May 5, 2012; East Rutherford, NJ, USA; UFC president Dana White (left) interviews Joe Rogan during the middleweight bout between Alan Belcher and Rousimar Palhares during UFC on Fox 3 at the Izod Center. Mandatory Credit: Joe Camporeale-US PRESSWIRE
UFC on Fox 3: "Diaz vs. Miller" took place last night (Sat., May 5, 2012) from the IZOD Center in East Rutherford, New Jersey, and featured a main event of Nate Diaz earning a lightweight title shot with a slick submission victory over Jim Miller.
The bad news? Not nearly enough people saw it happen.
Indeed, the overnight ratings are in and according to TV By The Numbers, the show garnered 2.25 million viewers for the FOX network, good for a 1.0 rating.
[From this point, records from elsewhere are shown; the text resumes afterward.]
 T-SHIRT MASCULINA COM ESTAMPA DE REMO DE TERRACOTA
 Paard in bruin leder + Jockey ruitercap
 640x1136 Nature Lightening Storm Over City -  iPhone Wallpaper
If that sounds terrible, that's because it is, all things considered. The silver lining here is the numbers were good enough to win the timeslot in the important demographics.
But there's no denying the decline in viewership for each UFC event on FOX is alarming.
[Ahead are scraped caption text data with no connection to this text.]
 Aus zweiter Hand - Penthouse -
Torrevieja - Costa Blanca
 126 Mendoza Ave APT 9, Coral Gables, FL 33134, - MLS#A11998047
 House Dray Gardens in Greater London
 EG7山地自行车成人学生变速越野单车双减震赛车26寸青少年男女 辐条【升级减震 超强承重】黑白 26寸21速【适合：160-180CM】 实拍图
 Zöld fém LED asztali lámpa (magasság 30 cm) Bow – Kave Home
Here's how the first three events looked when the overnight ratings came in:
UFC on FOX 1: "Velasquez vs. Dos Santos" -- 4.64 million
UFC on FOX 2: "Evans vs. Davis" -- 4.57 million
UFC on FOX 3: "Diaz vs. Miller" -- 2.25 million
There are a million differing reasons that could be given regarding how exactly viewership has seen that steep of a decline. Perhaps it's been the decline in importance of the headlining fight. The first show featured a heavyweight championship showdown while the second saw a proven pay-per-view (PPV) star.
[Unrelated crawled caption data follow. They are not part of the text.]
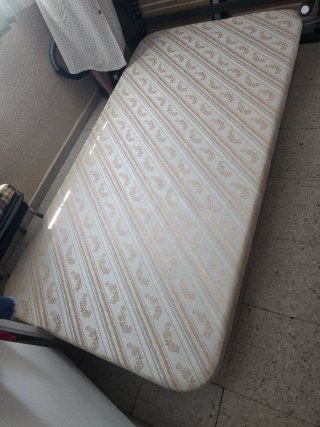 base tapizada 90, cabecero y mesilla +Regalo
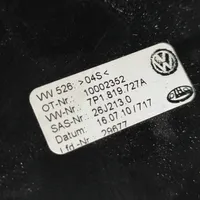 Volkswagen Touareg II Moldura de la guantera 7P1857226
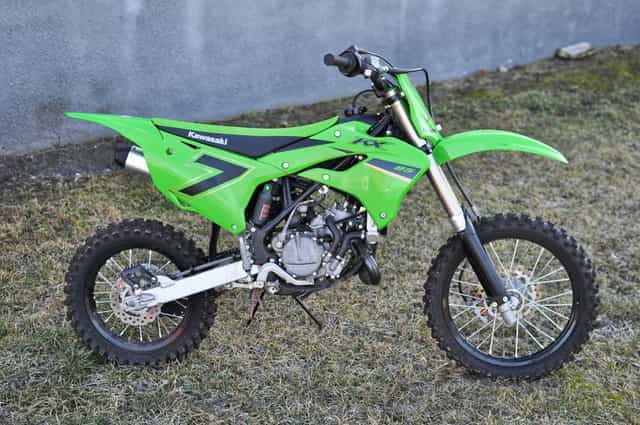 Kawasaki KX 85 / Jak nowy / 11 Mth / 2023 rok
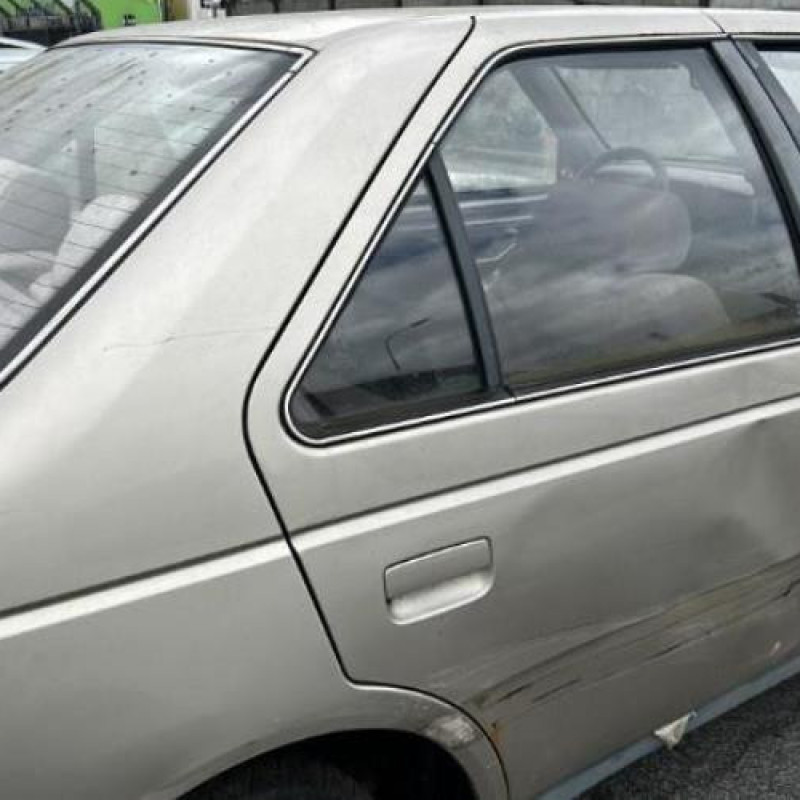 Poignee porte avant gauche PEUGEOT 405 Photo n°11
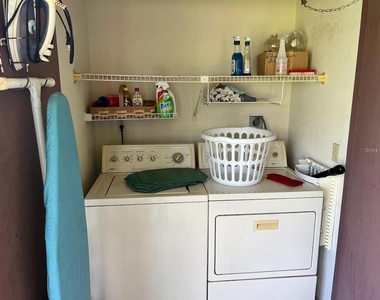 333 Woodlake Wynde - Photo Thumbnail 39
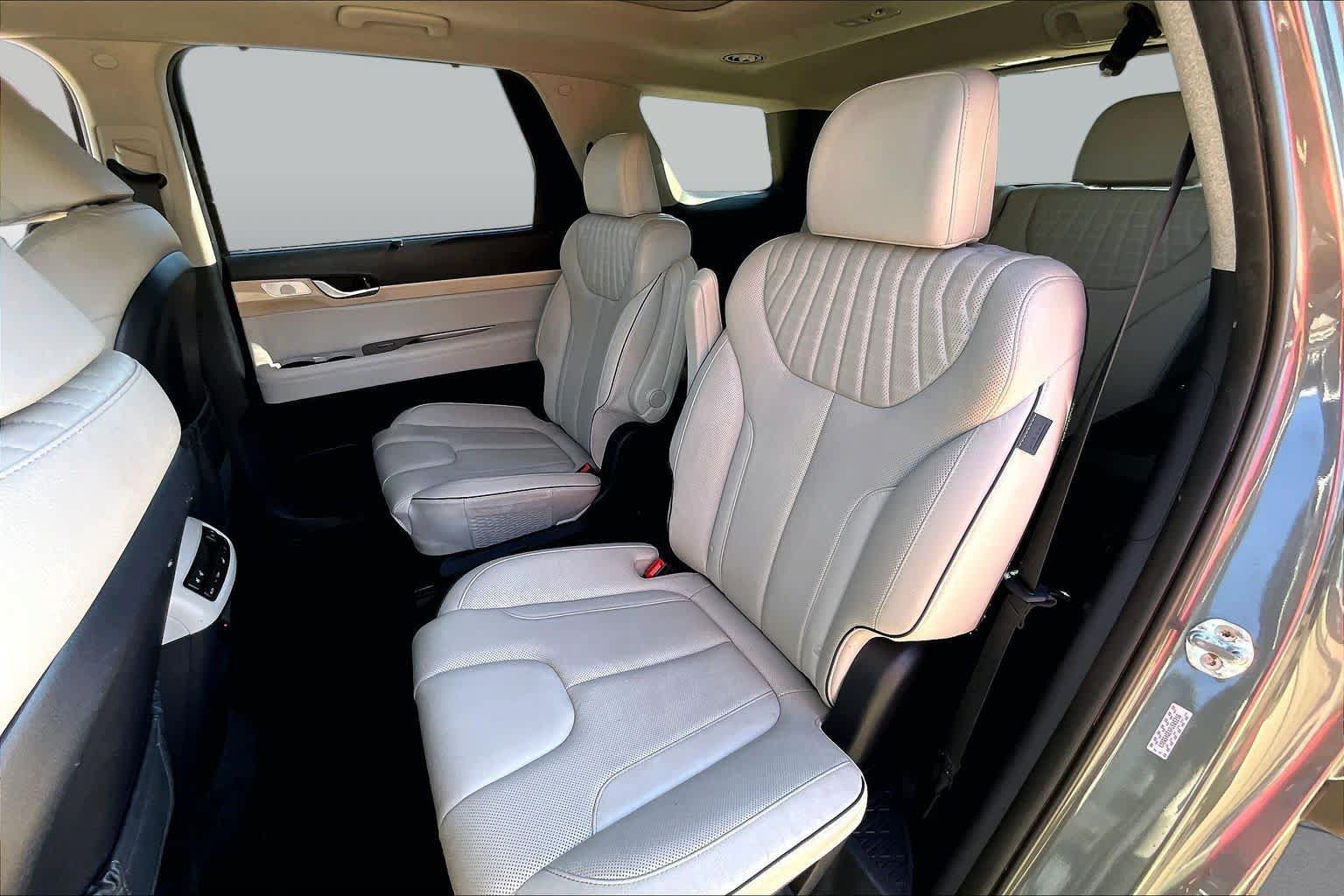 Used 2023 Hyundai Palisade Limited FWD image 16
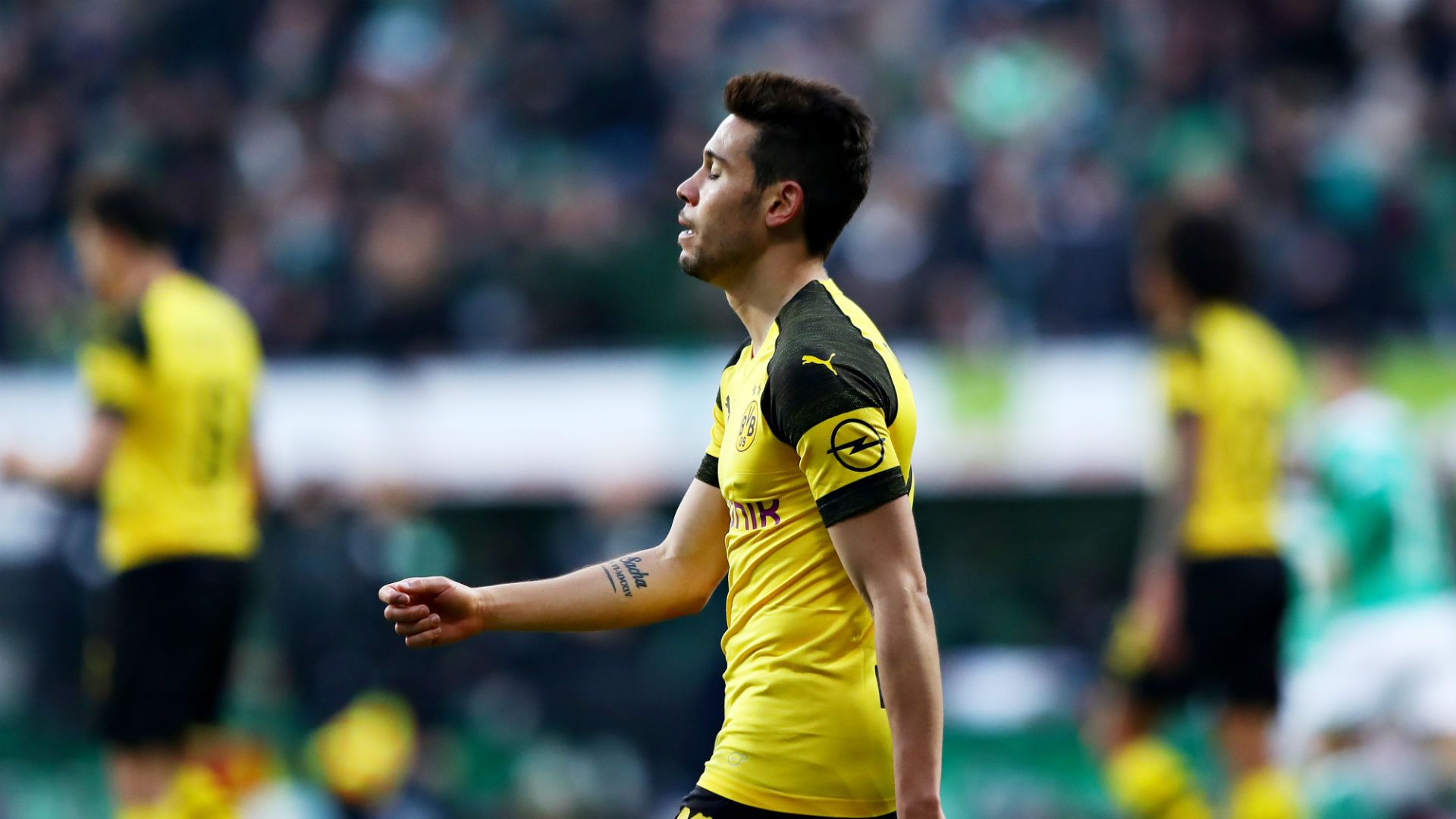 Raphael Guerreiro Borussia Dortmund BVB 04052019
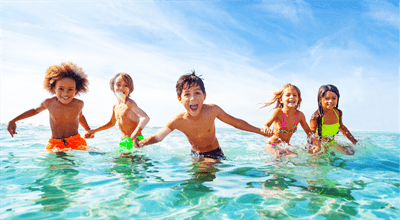 Jak wybrać wakacje zorganizowane dla dziecka?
Diaz and Miller, talented as they are, aren't exactly box office behemoths with big name recognition.
There was also a problem with marketing and promotion. The first FOX event was heavily hyped, with promos airing during Sunday NFL football games. The second show was given a similar treatment. This latest show, obviously much smaller in scope, was dominated in the headlines by a far more important boxing match in Floyd Mayweather vs. Miguel Cotto, which took place later in the night in Las Vegas.
After running two FOX shows with big stars, the world's largest fight promotion decided to rely on the power of its brand name. As it turns out, maybe its brand name isn't so powerful after all.